Being now thoroughly smitten with all things Amalfi Coast related, I was expecting the same pretty sights of the sea and surrounding hillsides as we approached central Ravello.

I was wrong.

It was that and much much more.

Ravello Italy

📷 by Em – My pics of Ravello are pants, best bet is to go see the beauty for yourselves. 

The views on offer in Ravello are so breath-taking that no words can possibly do it justice and I’m not even going to bother to try. Seeing this secret treasure of a town for yourself is a must to understand how stunning it is. Not only has this tiny patch of heaven- on- earth hosted a deluge of the rich and renowned (Jackie Kennedy, Winston Churchill and Richard Wagner to name but a few) it’s provided endless inspiration for artists, musicians and writers throughout the ages. Ravello has a history of capturing hearts and it can certainly add mine to the list.

ravello amalfi coast

📷 by Em – Sasa with his jolly red umbrella outside of the Villa Rufolo. 

Wandering round the piazza and passing the Villa Rufolo, we walked to a café at the edge of the square for another coffee and soak up even more of the other-worldly landscape. Clutching frothy cappuccinos the girls and I kept grinning at each other, continuously expressing our awe and amazement that a place like this could be real.

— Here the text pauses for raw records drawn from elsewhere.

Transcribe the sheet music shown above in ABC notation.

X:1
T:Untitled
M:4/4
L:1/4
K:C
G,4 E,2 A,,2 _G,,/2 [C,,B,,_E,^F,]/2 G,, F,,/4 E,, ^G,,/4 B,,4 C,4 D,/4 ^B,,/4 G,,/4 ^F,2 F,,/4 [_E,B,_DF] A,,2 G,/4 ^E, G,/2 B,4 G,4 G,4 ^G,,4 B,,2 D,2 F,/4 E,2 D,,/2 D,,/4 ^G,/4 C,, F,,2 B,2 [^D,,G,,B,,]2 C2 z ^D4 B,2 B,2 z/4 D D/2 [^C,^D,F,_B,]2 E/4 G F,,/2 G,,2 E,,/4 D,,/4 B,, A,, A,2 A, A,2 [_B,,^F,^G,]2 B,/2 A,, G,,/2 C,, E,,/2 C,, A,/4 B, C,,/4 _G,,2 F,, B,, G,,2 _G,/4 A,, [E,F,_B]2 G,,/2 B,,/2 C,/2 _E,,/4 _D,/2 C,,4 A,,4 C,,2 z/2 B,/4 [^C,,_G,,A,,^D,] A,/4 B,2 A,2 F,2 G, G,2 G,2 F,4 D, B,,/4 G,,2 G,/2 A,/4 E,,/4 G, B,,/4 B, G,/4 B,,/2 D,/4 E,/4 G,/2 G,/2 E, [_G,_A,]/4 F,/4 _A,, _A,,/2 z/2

Late afternoon eventually rolled around which signalled the end of excursion. Back on the coach again and settled in our seats, a sated silence fell over our group as the most peacefully dozed for the hour and bit return drive to our starting points in Sorrento.

I plugged in my headphones, closed my eyes and mentally replayed the last eight hours.

What day.

What a tour.

And when can I go back?


Nearly two weeks ago I did go back on my own, nine months later from this trip, and was lucky enough to share the Amalfi Coast drive all over again with my bestest pal D.